John Griffin, 44, allegedly used messaging apps to persuade parents to let him train their young daughters to be sexually submissive, telling them that “a woman is a woman regardless of her age” and that women should be “sexually subservient and inferior to men,” according to the United States Attorney’s Office for the District of Vermont.
According to the US Attorney, Griffin told a mother of 9- and 13-year-old daughters that it was her responsibility to see that her older daughter was “trained properly” and later sent her $3,000 for plane tickets to fly with the younger daughter from Nevada to Boston. They made the flight in July 2020, the US Attorney said, and Griffin picked up them and drove them to his home in Ludlow, Vermont.

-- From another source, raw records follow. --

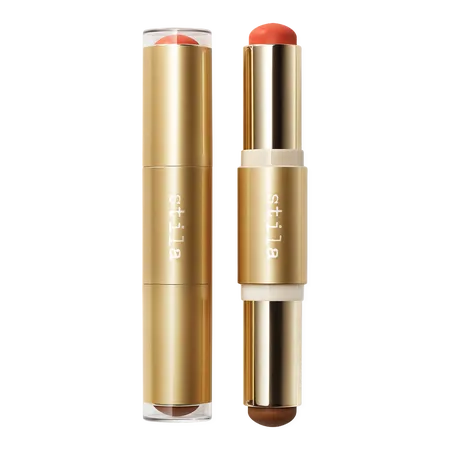 Blush & Bronze Hydro-Blur Cheek Dúo de Stila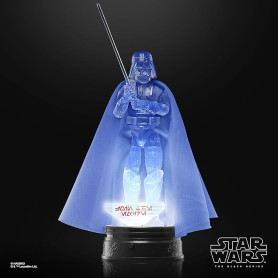 Star Wars La Serie Nera - Collezione Holocomm di Darth Vader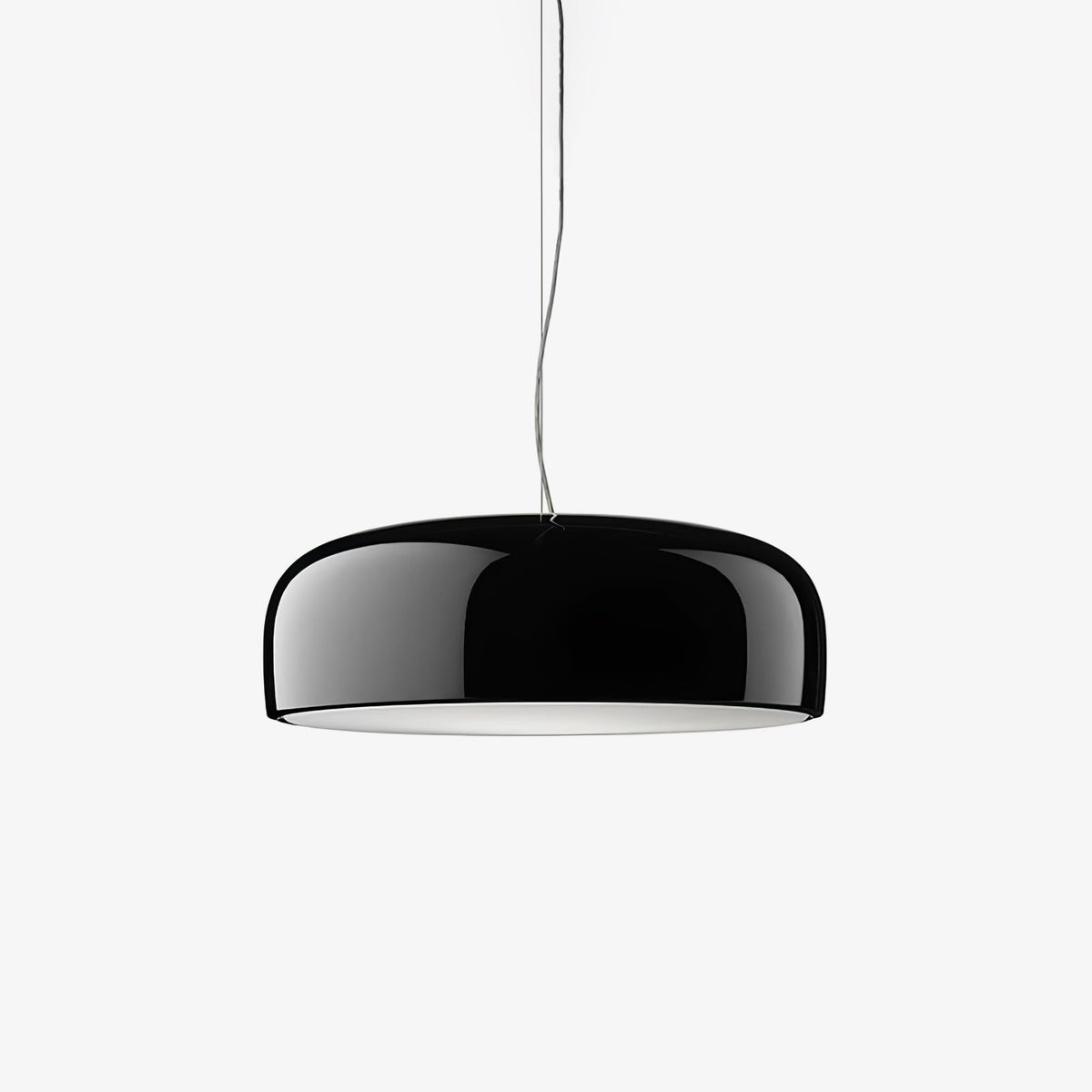 AstraLume Ceiling Pendant Light With Sleek Glow Design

“At the house, the daughter was directed to engage in, and did engage in, unlawful sexual activity,” the office said.
In two other incidents, the indictment says that Griffin proposed a “virtual training course” that would include him directing a mother and her 14-year-old daughter to remove their clothing and touch each other, and another proposal in which he suggested that a mother and her 16-year-old daughter take a “little mother-daughter trip” to Vermont for sexual training.

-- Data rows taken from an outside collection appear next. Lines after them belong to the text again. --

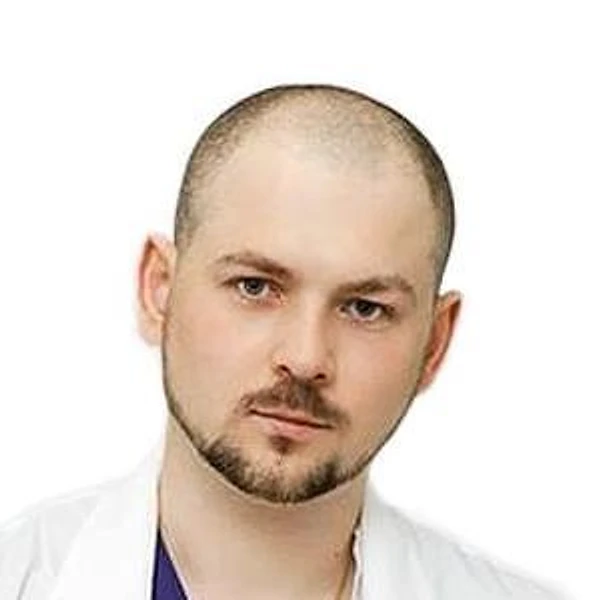 Герасимов Владимир Игоревич — Психиатр, Нарколог, Психотерапевт, Тольятти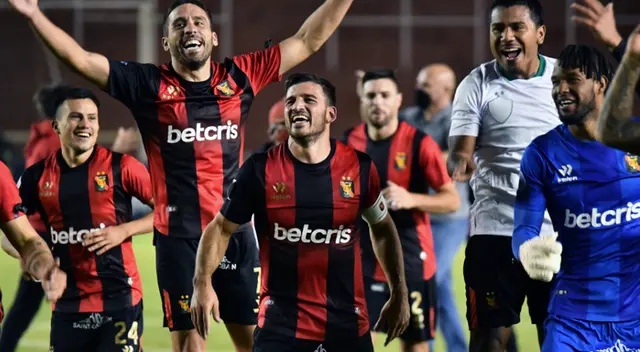 Melgar busca la 'hazaña' en Brasil. Melgar busca la 'hazaña' en Brasil.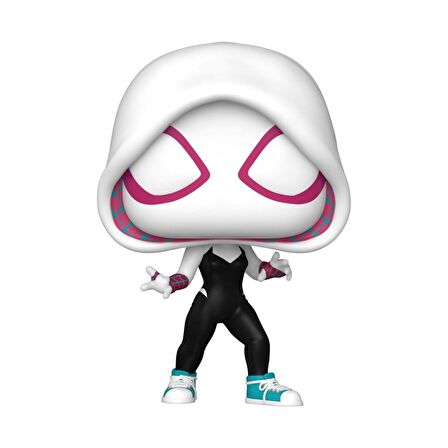 Funko POP Figür Across The Spider Verse Spider-Gwen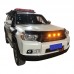 Решетка радиатора Матовый черный ABS для Toyota 4Runner - купить на tuningdom.ru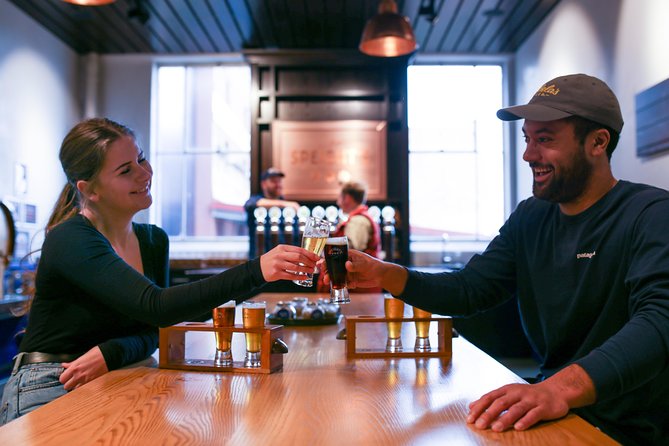 Speight's Brewery Tour & Guided Tasting - The tasting room and the final 20 minutes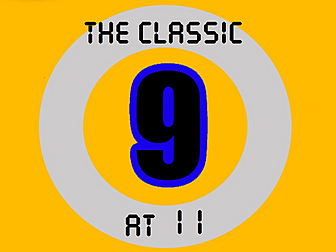 Cawley's Classic 9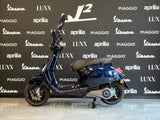 Vespa Elettrica | Dark Midnight Blu | 1 eig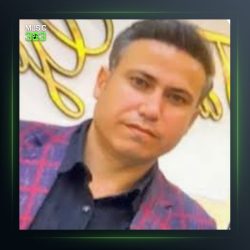 آهنگ آی دلی من از برات حمیدی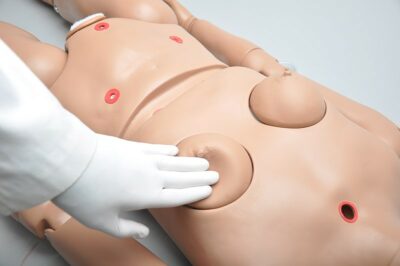 Clinical Chloe S221 – Nursing Care Patient Simulator with OMNI 2 4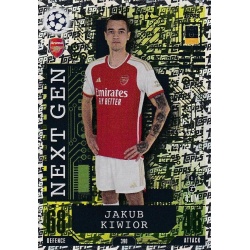 Jakun Kiwor Next Gen Arsenal 390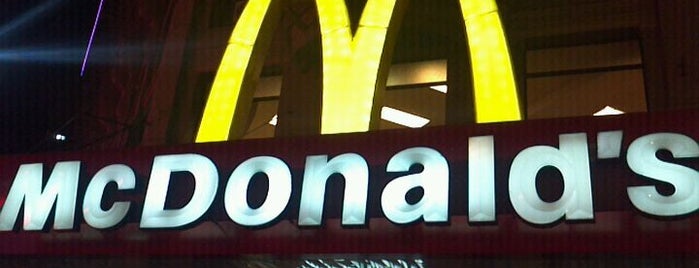 McDonald's is one of Favoritos Buenos Aires Argentina.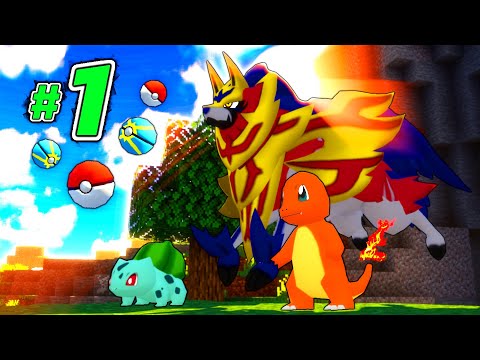 Pixelmon CATCH 'EM
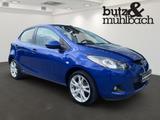 Mazda 2 1.3l MZR 86PS Sitzheizung -MAYEN - gebrauchte Mazda 2 aus dem Jahr 2010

The indictment charges Griffin — who lives in Stamford, Connecticut — with three counts of using a facility of interstate commerce to attempt to entice minors to engage in unlawful sexual activity. He faces a mandatory 10 years to life on each count. Additionally, prosecutors said they intend “to seek the forfeiture of Griffin’s Ludlow house, his Tesla, a Mercedes, and other property that was used in the commission of the charged offenses.”
Griffin appeared in federal court in New Haven on Friday via Zoom, when US Magistrate Judge Robert Spector said he would order Griffin transferred to Vermont to face trial, the Stamford Advocate reported. Court records say he is expected to be arraigned in Vermont on December 15, the paper said.
A CNN spokesperson told the Advocate that the company takes the charges “incredibly seriously.”
“We only learned of his arrest this afternoon and have suspended him pending investigation,” the spokesperson said on Friday.
Griffin’s LinkedIn profile says he has worked for CNN since 2013, and previously worked at ABC News, Fox News, and CBS News.